Postoperative flexion contracture (FC) after total knee arthroplasty (TKA) affects gait and causes pain and fatigue, which can result in poor patient outcomes and decreased satisfaction. This study evaluates a dynamic extension brace that may help improve extension and decrease the rate of postoperative FC.
This study was a prospective randomized controlled trial of 101 patients with a FC of ≥10 degrees scheduled to undergo TKA. Primary outcome was change in maximal active extension during the perioperative period; secondary outcomes were patient-reported outcomes. Data were collected at enrollment, preoperative appointments, and 2-week postoperative appointments. Chi-squared, t tests and repeated measures analysis of variance (ANOVA) were used to evaluate the results between and within groups.
Fifty-five patients were in the control group and 46 in the experimental group. The mean FC in the experimental group was significantly worse at enrollment (14.22 degrees vs. 15.76 degrees, P=0.049), but improved by the preoperative appointment (15.76 degrees to 12.52 degrees, P<0.001), while the control group FC remained stable. The experimental group experienced a greater improvement in Knee Society Knee Scores and a smaller decline in Knee Society Function Scores compared with the control group.
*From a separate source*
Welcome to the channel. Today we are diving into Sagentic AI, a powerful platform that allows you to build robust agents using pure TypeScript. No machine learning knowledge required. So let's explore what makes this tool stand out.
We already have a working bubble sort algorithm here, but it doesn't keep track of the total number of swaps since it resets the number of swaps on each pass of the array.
The experimental group experienced a significant improvement in Knee Injury and Osteoarthritis Outcome Score (KOOS) score through all time points (29.47 degrees to 35.84 degrees to 51.33 degrees, P<0.001), while the control group only had significant improvement from enrollment to postoperative appointment (35.06 degrees to 49.15 degrees, P<0.001).
Patients with FC that used a dynamic knee extension brace preoperatively had improved extension before surgery and more rapid improvement in outcome measures when compared to patients treated with a standard program alone.